- Exercise directions: A faithful copy of the data below is required, leaving out every picture.

- Supplied data:
━━━━━━━━━━━━━━━━━━━━
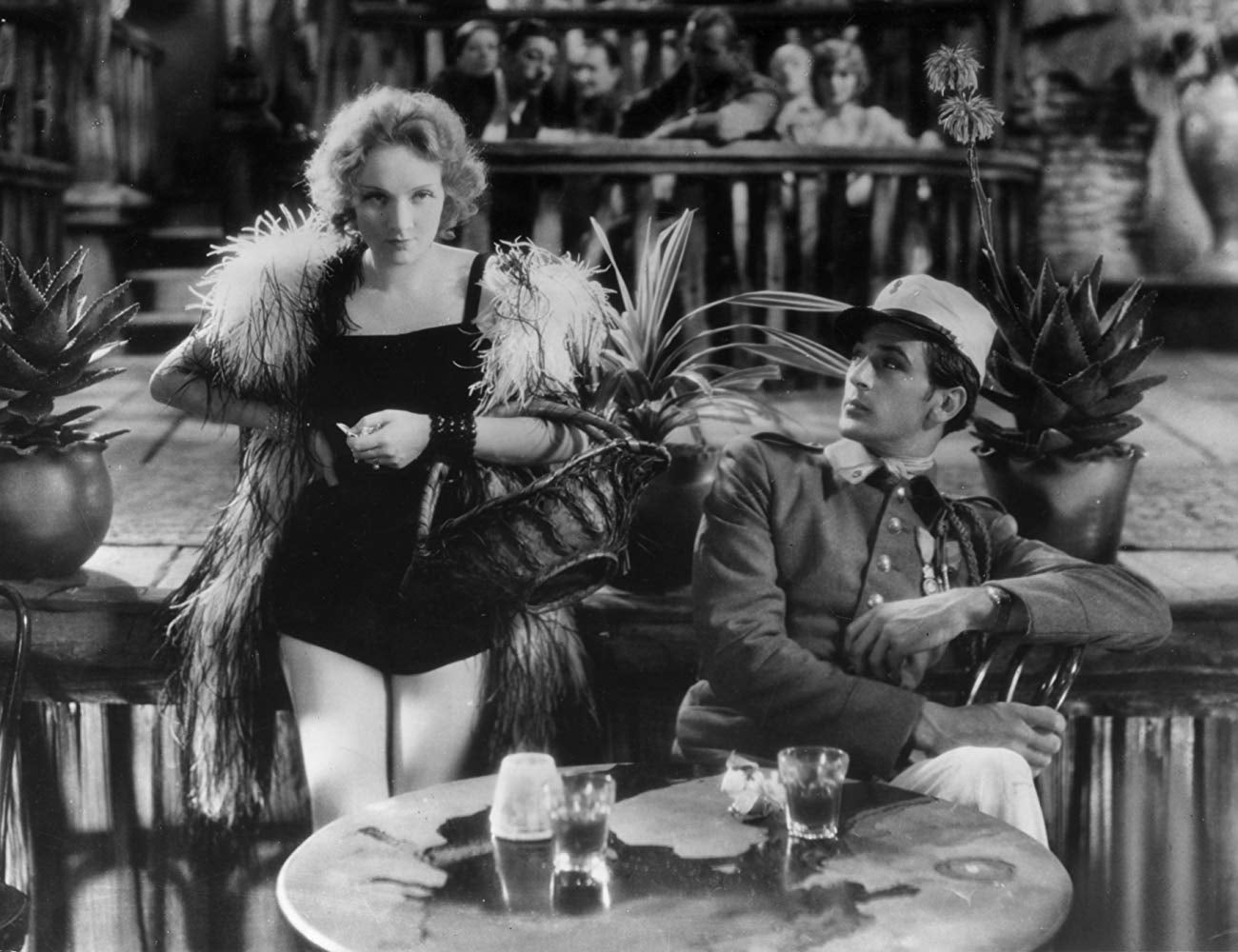 Marlene Dietrich y Gary Cooper, en 'Marruecos'.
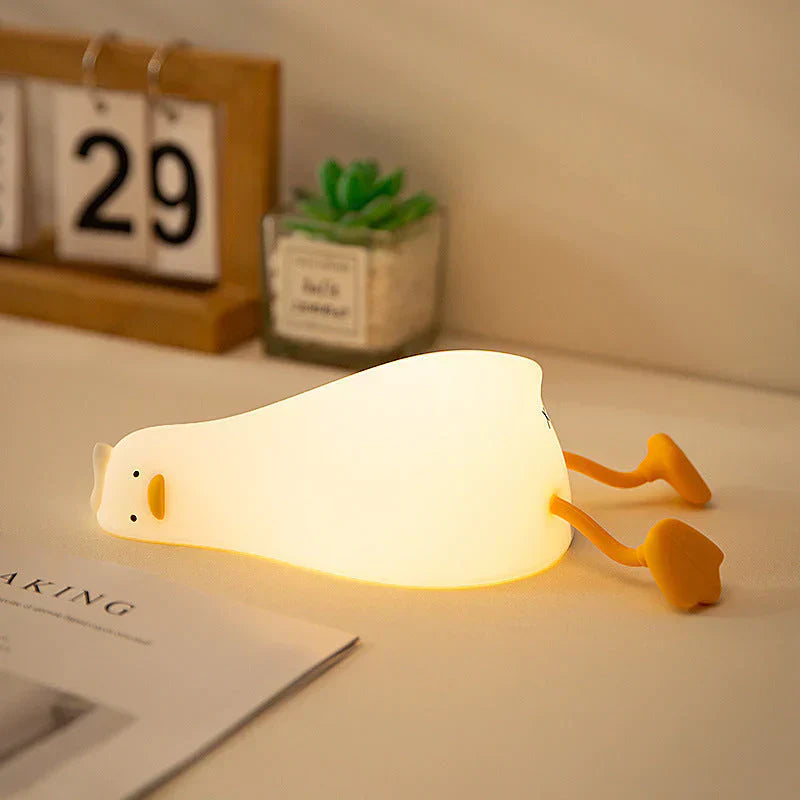 DREAMY DUCKLING – Cozy Night Light Companion
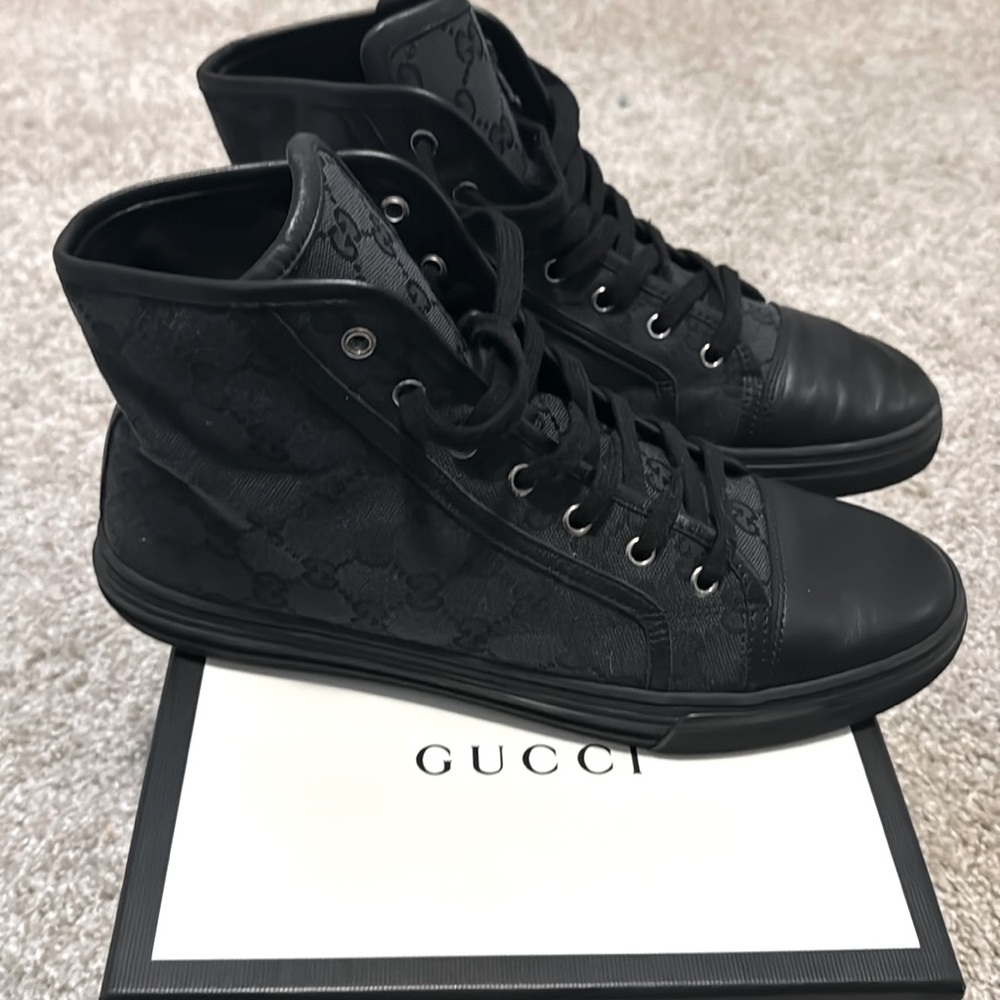 Woman’s Gucci chuck sneakers Size 40.5.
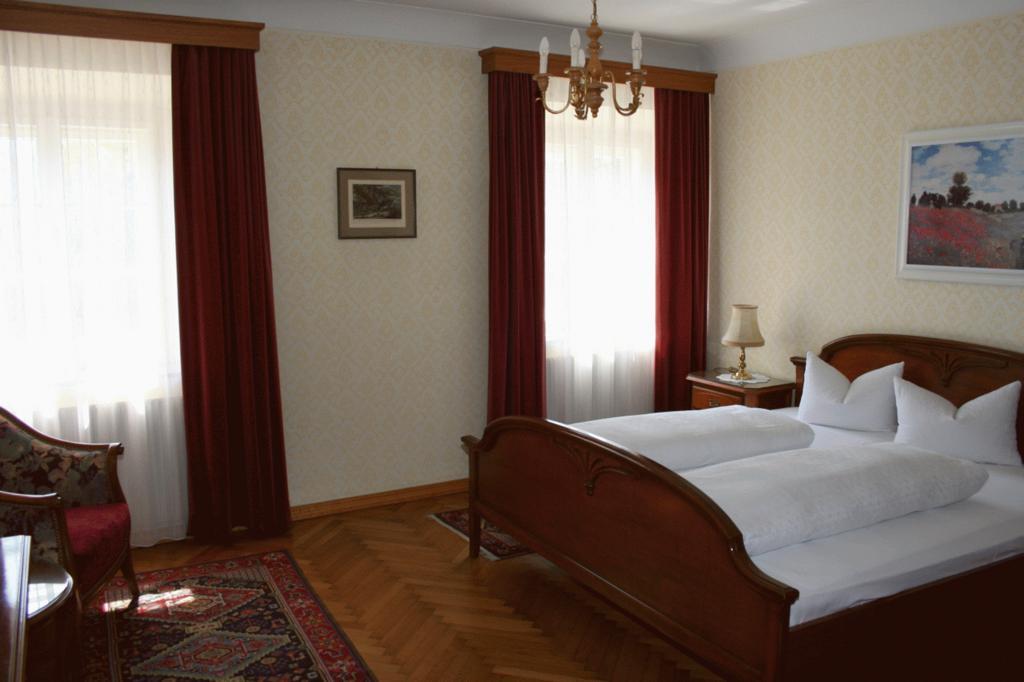 Schlosshotel Post Edelfreisitz Sprengenstein 임스트 객실 사진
━━━━━━━━━━━━━━━━━━━━
- Response to this task:
 Marlene Dietrich y Gary Cooper, en 'Marruecos'.
 DREAMY DUCKLING – Cozy Night Light Companion
 Woman’s Gucci chuck sneakers Size 40.5.
 Schlosshotel Post Edelfreisitz Sprengenstein 임스트 객실 사진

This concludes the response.